Angehäufter Reichtum wurde früh zum Kennzeichen gesellschaftlichen Ansehens. Bei gewissen Stämmen häuften Einzelne über Jahre Besitz an, nur um damit zu beeindrucken, dass sie ihn an einem Festtag in Flammen aufgehen ließen oder großzügig unter die Stammesbrüder verteilten. Das machte aus ihnen große Männer. Auch heutige Völker verteilen mit Genuss Weihnachtsgeschenke in Fülle, während reiche Männer Schenkungen an große philantropische und erzieherische Institutionen machen. Die Technik des Menschen wechselt, aber seine Grundeinstellung bleibt dieselbe.
Es muss aber gerechterweise auch daran erinnert werden, dass manch ein damaliger reicher Mann einen großen Teil seines Vermögens aus Angst davor verteilte, von den nach seinen Schätzen Gierenden umgebracht zu werden.

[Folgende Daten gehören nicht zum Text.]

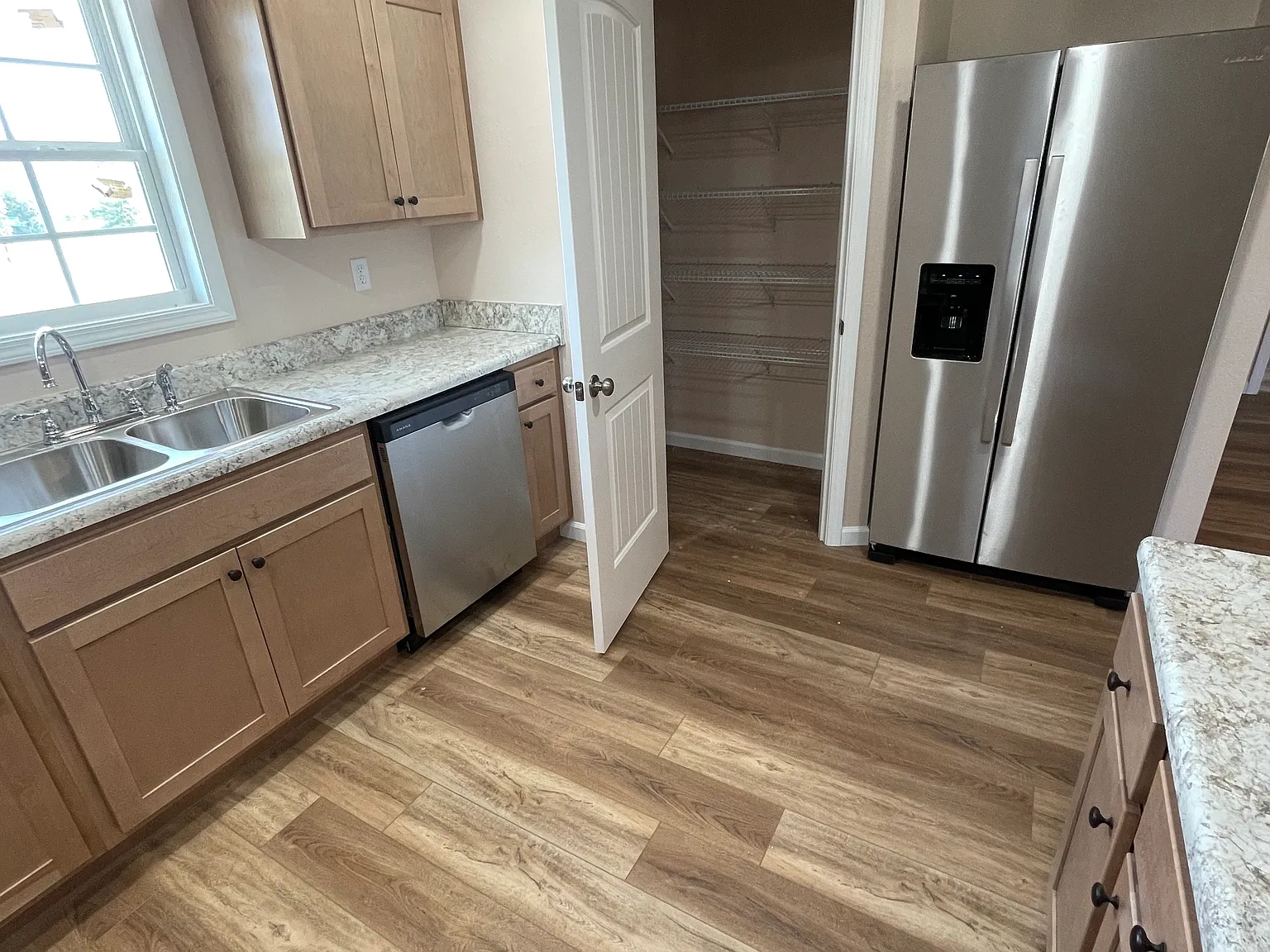 3 bed, 1400 sqft, $1,950 — Photo 2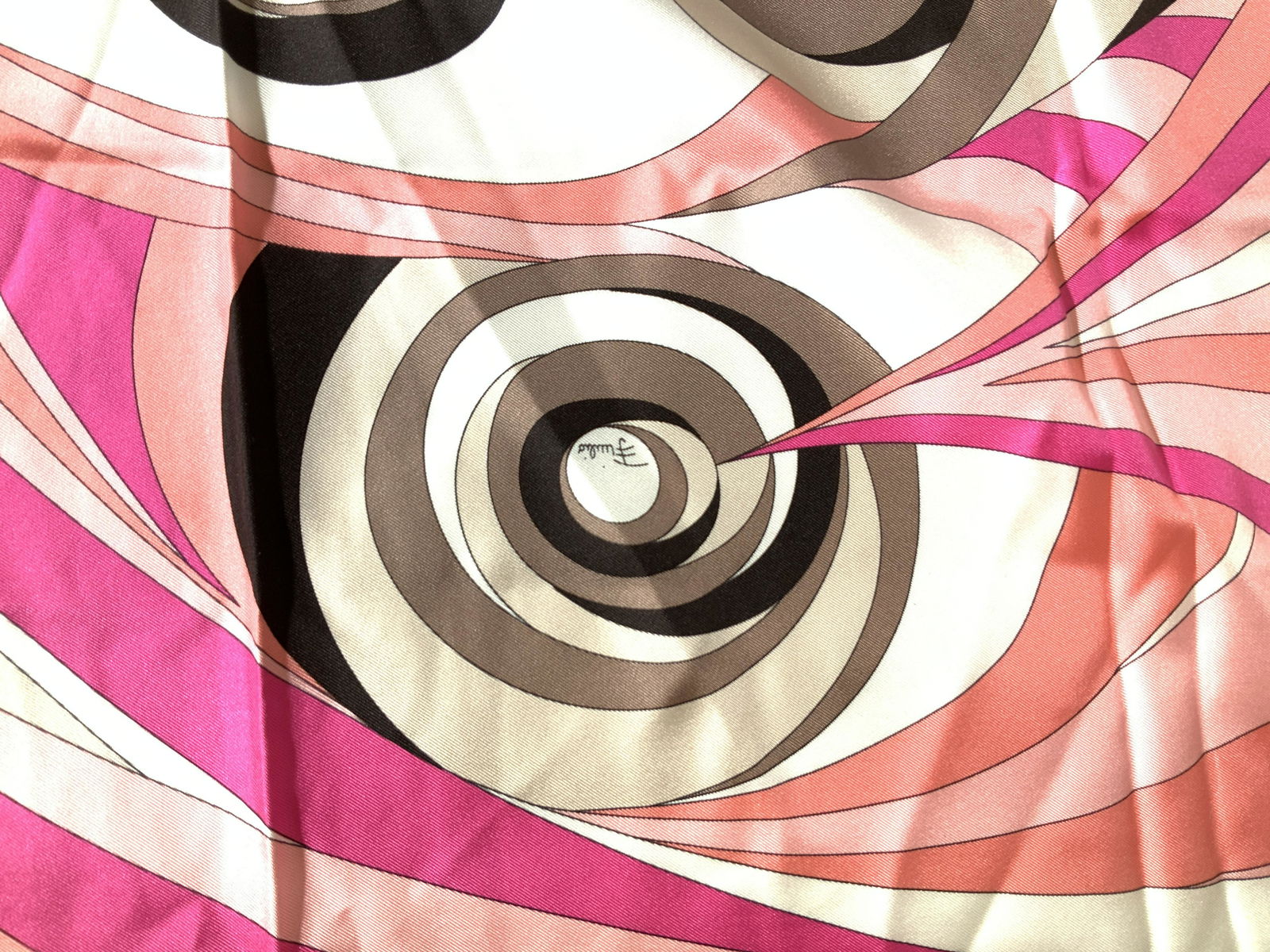 NWT Never Worn Signed Pucci Silk Fuchsia Scarf (1 of 10)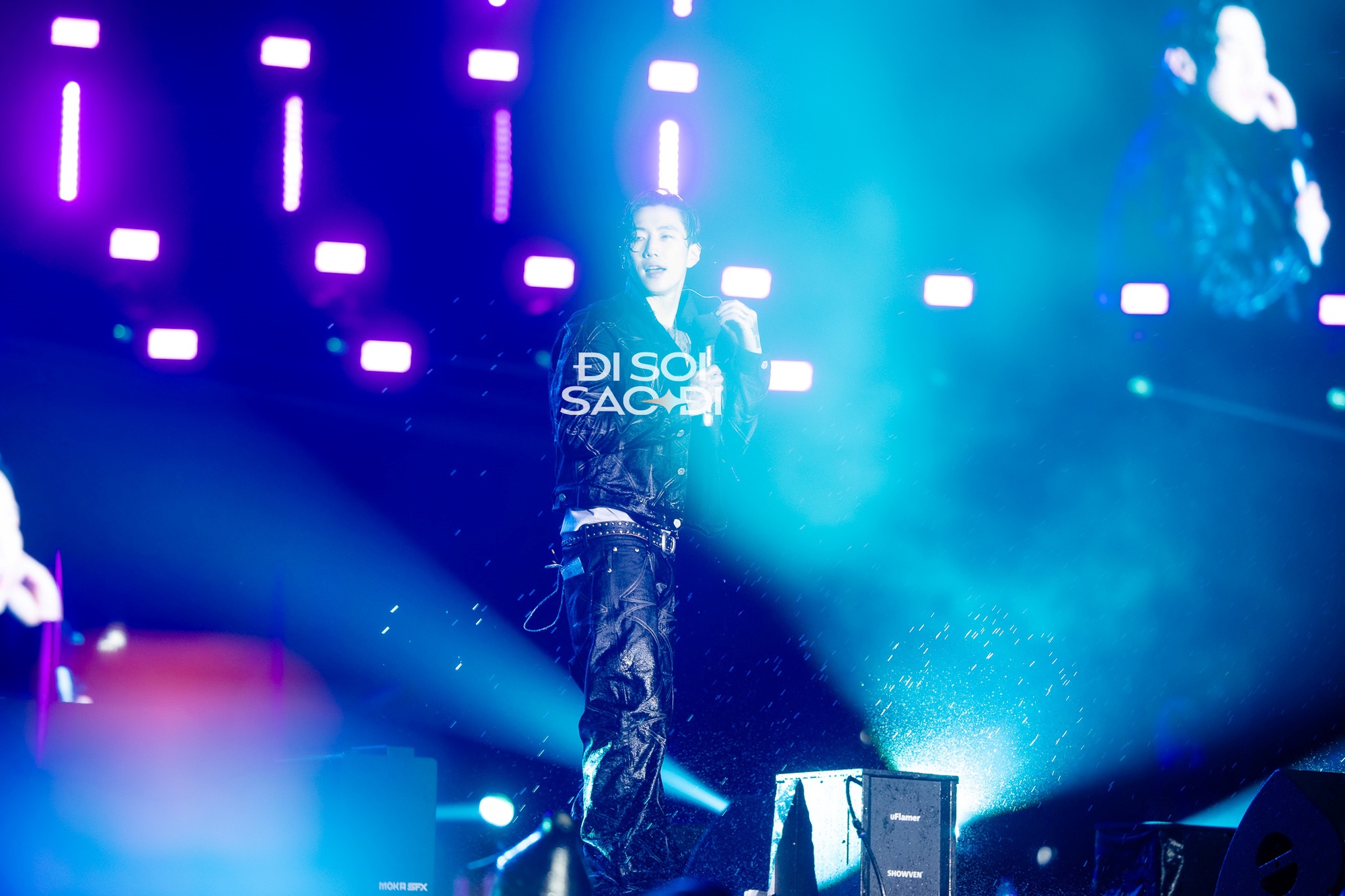 Vạn vật đều lác mắt trước cơ bụng Vạn vật đều lác mắt trước cơ bụng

Reiche Männer pflegten Sklaven dutzendweise zu opfern, um ihre Verachtung des Reichtums zu zeigen.
Obwohl das Kapital die Befreiung des Menschen begünstigt hat, hat es auch seine gesellschaftliche und industrielle Organisation gewaltig kompliziert. Der Missbrauch des Kapitals durch unfaire Kapitalisten kann nicht die Tatsache beseitigen, dass es die Grundlage der modernen industriellen Gesellschaft ist. Dank Kapital und Erfindergeist erfreut sich die gegenwärtige Generation eines höheren Freiheitsgrades als irgendeine ihr auf der Erde vorausgegangene. Das sei als Tatsache vermerkt und nicht zur Rechtfertigung der vielen Missbräuche des Kapitals durch seine gedankenlosen und eigensüchtigen Verwalter.